Capital Intensive Business: As mentioned, Exxon Mobil’s business is capital intensive, meaning they need a lot of cash flow to fund growth (i.e. property, plant and equipment are required and very expensive). However, as mentioned, Exxon Mobil is in a strong financial position with a ton of cash flows. The company was able to keep investing during the covid slowdown (when others backed off), and this has allowed Exxon to be a profit leader now that prices and demand have recovered.
Political, Government and Social Factors: are a major risk for Exxon Mobil. For example, the company can be negatively affected by increases in taxes, changes in environmental regulations, actions by policymakers, litigation and potential greenhouse gas restrictions.
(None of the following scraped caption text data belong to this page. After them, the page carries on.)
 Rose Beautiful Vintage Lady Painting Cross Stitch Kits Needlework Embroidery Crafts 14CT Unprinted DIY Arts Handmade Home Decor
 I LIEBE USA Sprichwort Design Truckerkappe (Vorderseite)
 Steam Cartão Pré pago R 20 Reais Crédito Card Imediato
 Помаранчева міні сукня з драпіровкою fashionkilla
Exxon Mobil announced earlier this year that it aspires to be “net zero” or be greenhouse gas emission neutral for its operations by 2025, however this doesn’t account for the emissions produced when its fuels, for example, are used by customers.
Despite The Woke Mob:
To the chagrin of those that would like to see fossil fuel production ended immediately, the US EIA projects production will increase for the next three decades, as you can see in the following oil and gas forecast.
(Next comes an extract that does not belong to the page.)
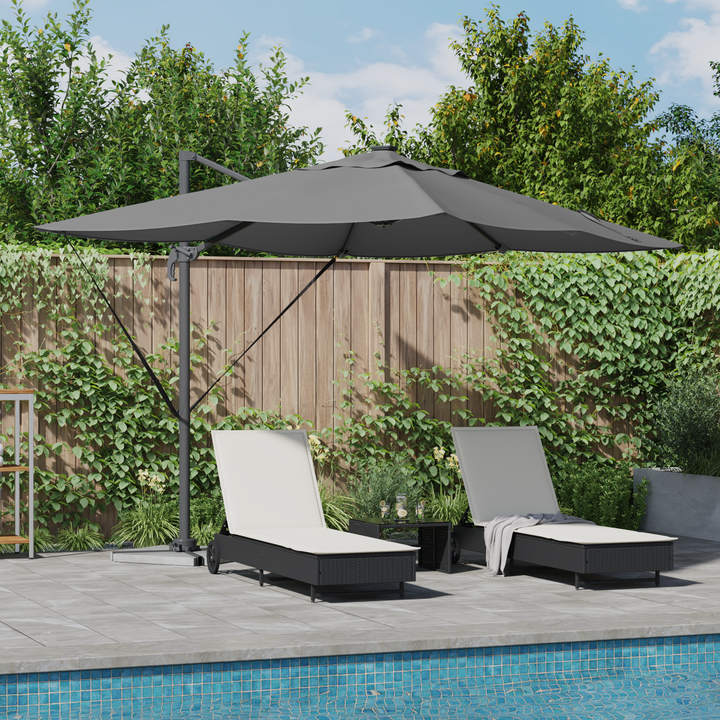 Parasol Antracit 352 x 251 x 265 cm Polyester og Aluminium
This increase is a good thing for energy producers (such as Exxon Mobil), especially if the price of energy increases, as it has recently, and as you can see in the following high-price and low-price scenarios for oil.
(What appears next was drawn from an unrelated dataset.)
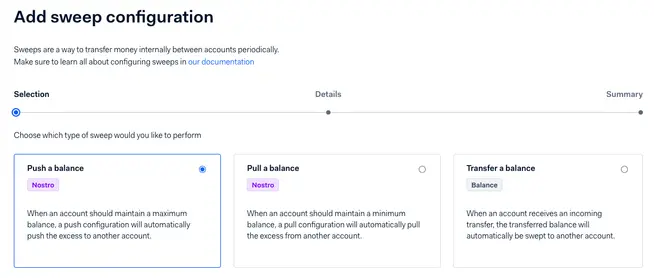 Interface showing 'Add sweep configuration' with options for 'Push a balance,' 'Pull a balance,' and 'Transfer a balance.'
Certainly reducing pollution and protecting the environment are good things, but fossil fuel remains a vital component of the economy, powering our lives and providing jobs (and the alternatives are still much more costly).
And despite the importance of fossil fuels, there are extremely vocal social and political factions (i.e. the “woke mob”) that continue to villainize it, in some cases as an immediate existential threat to the human race. Here are a few recent examples:
Climate activists throw mashed potatoes on Monet painting to protest fossil fuel extraction
Penn Student Protesters Disrupt Football Game to Demand Fossil Fuel Divestment
These pressures are absolutely a risk for Exxon Mobil. Nonetheless, Exxon Mobil has remained steadfast in its commitment, as Morningstar sector strategist, Allen Good, recent wrote:
“While many of its peers have announced intentions to divert investment to renewables to achieve long-term carbon intensity reduction targets, ExxonMobil remains committed to oil and gas… It is also investing in low-carbon technologies, but each of these efforts is measured and keeps oil and gas production at the core. While this strategy is unlikely to win praise from environmentally oriented investors, we think it’s likely to prove more successful and probably holds less risk.”
Conclusion:
Just two years ago, no one wanted oil. The price fell below zero, and Exxon Mobil got dumped from the Dow Jones Industrial Average (after 92 years!). Yet if you were an astute enough contrarian, you recognized social pressures would not eradicate longer-term demand and the shares were a steal (as we wrote about here).
Going forward, Exxon Mobil is in a position of extreme financial strength (thanks to rising demand and rising oil prices). And if you can get passed the risk factors (and don’t mind the factions of social opposition), Exxon Mobil pays an incredible growing dividend and still trades at a very attractive valuation. We are currently long shares of Exxon Mobil in our prudently concentrated Income Equity Portfolio, and we have no intention of selling.